Politisi Demokrat ini meminta agar Pertamina memberikan jaminan pasokan yang cukup kebutuhan biosolar di Pekanbaru. Dampak dari pengurangan kuota bisolar tak boleh dibiarkan begitu saja karena akan menciptakan persoalan sosial dan ekonomi masyarakat.
Selain menjamin pasokan yang cukup, jaminan kelancaran distribusi pasokan juga harus diberikan oleh Pertamina. Ia meminta Pertamina untuk mencari solusi secara sungguh-sungguh kelangkaan biosolar di Pekanbaru.
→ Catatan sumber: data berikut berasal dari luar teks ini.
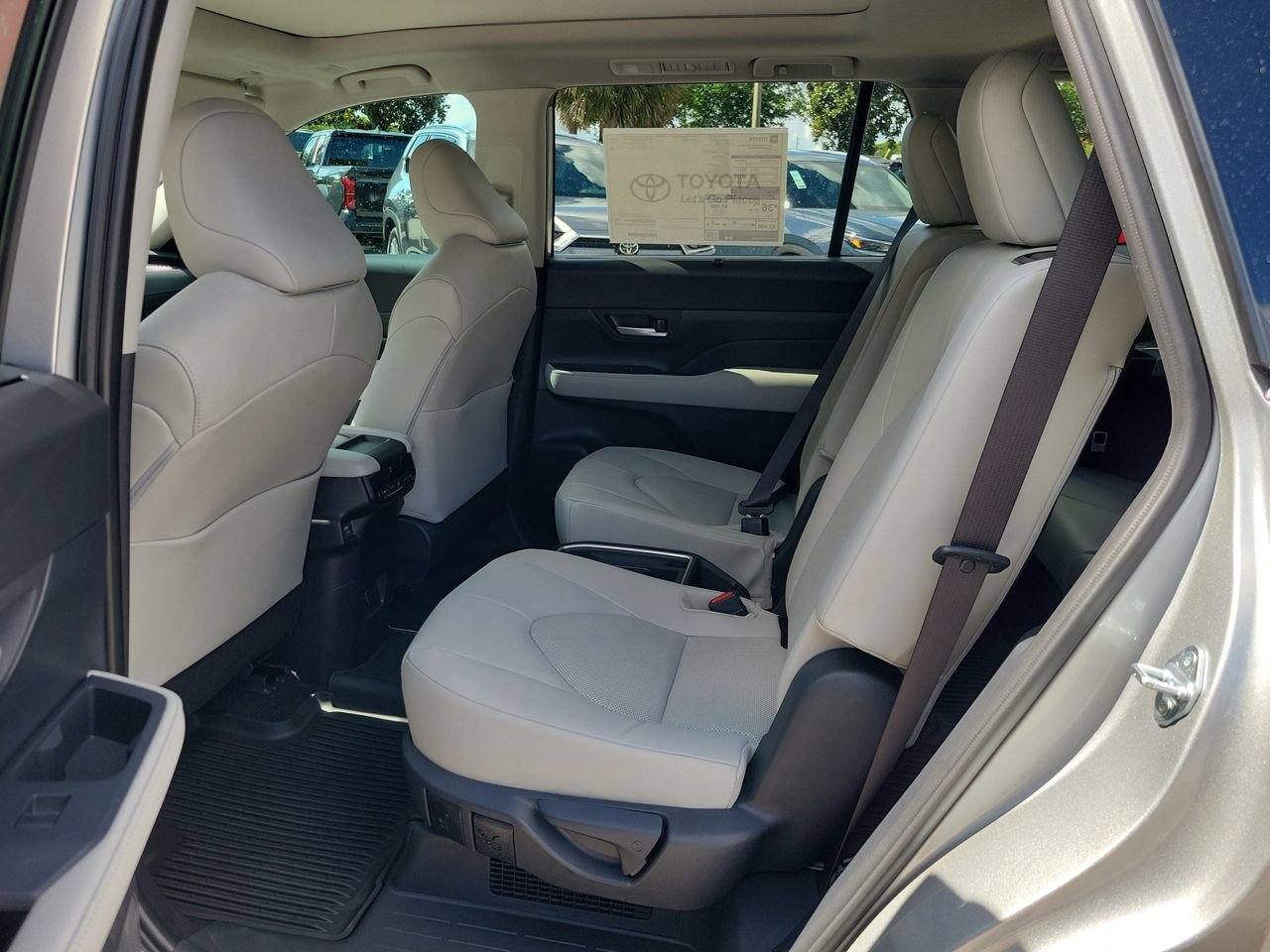 New 2026 Toyota Grand Highlander XLE FWD image 12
"Sepenuhnya ini menjadi tanggung jawab Pertamina untuk memenuhi kebutuhan biosolar, sekaligus memberikan jaminan kelancaran distribusi pasokan biosolar ke SPBU," tegas Azwendi.
Azwendi mengaku miris mendengar berkurangnya kuota biosolar tahun ini dibanding realisasi pasokan tahun lalu.
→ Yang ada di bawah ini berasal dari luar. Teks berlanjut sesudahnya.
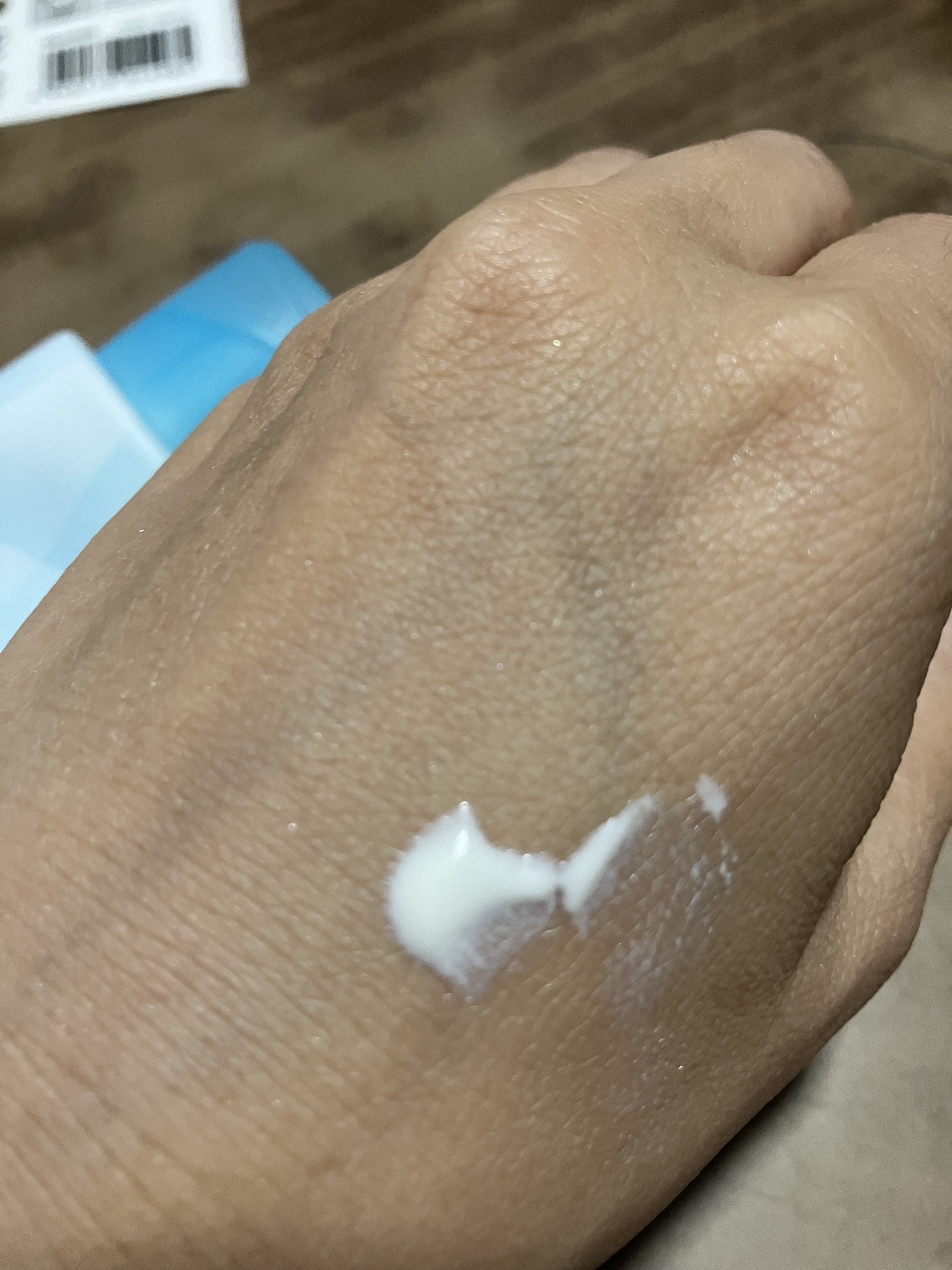 ビオレUV アクアリッチ ライトアップエッセンス/ビオレ/日焼け止めクリームを使ったクチコミ（2枚目）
"Secara logika, kebutuhan tiap tahun kan meningkat. Tetapi kok kuota malah berkurang. Pertambahan kendaraan terus terjadi, kok malah kuota dibatasi. Aneh nya lagi, di Riau justru harga BBM jenis Dexlite lebih tinggi dari beberapa daerah lainnya. Sebelumnya Rp9.300 menjadi Rp13.000 lebih per liter," cetus Azwendi.
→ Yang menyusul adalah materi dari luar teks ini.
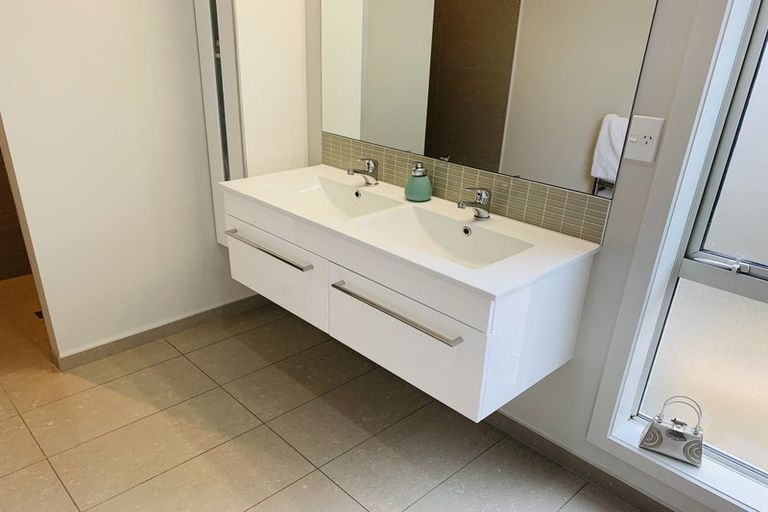 Photo of property in 8 Orotu Drive, Poraiti, Napier, 4112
Ia juga menyerukan kepada jajaran pemda di Riau untuk mengajukan keberatan kepada Pertamina atas penurunan kuota biosolar. Apalagi, Riau merupakan penghasil kelapa sawit terbesar di Indonesia yang menjadi bahan baku biosolar.
"Ironis sekali, provinsi penghasil kelapa sawit terbesar di Indonesia, namun antrean biosolar mengular. Ada hal yang harus dikoreksi sehingga hal ini tidak terus-terusan terjadi. Ini hal yang tak logikal," pungkas Azwendi.